→ Collected data
################
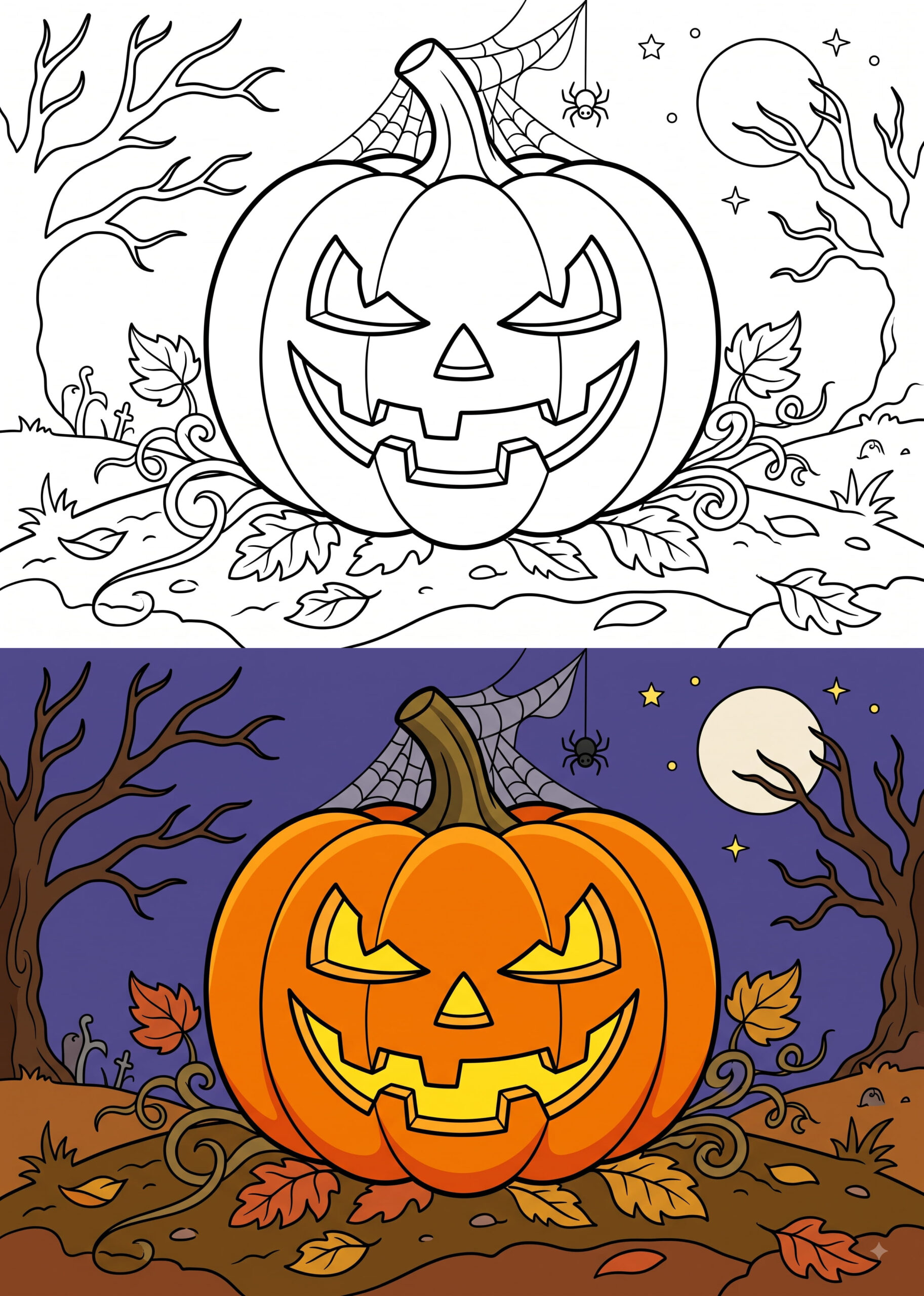 Spooky Jack-o-Lantern Coloring Page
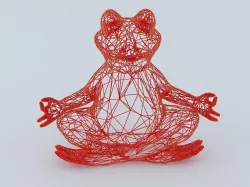 Yoga Frog Wireframe  Free 3D print model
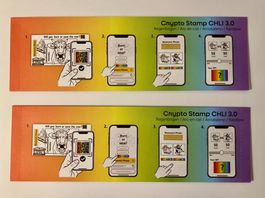 2x Swiss Crypto Stamp CHLI 3.0 "Regenbogen" OVP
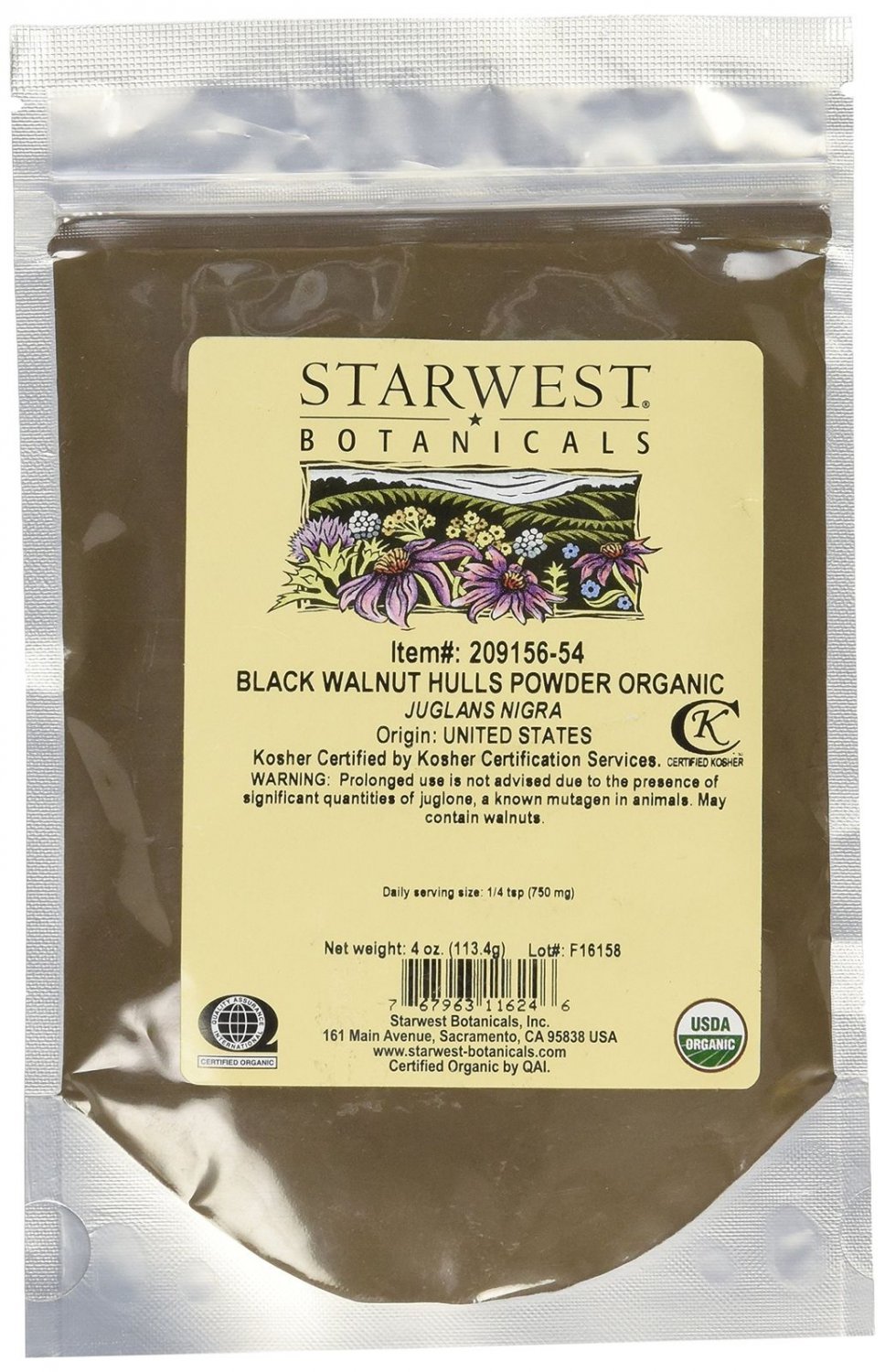 Organic Black Walnut Hull Powder 4OZ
################
→ Exercise details
Repeat the material above verbatim. Leave the pictures behind.

→ Worked solution
 Spooky Jack-o-Lantern Coloring Page
 Yoga Frog Wireframe  Free 3D print model
 2x Swiss Crypto Stamp CHLI 3.0 "Regenbogen" OVP
 Organic Black Walnut Hull Powder 4OZ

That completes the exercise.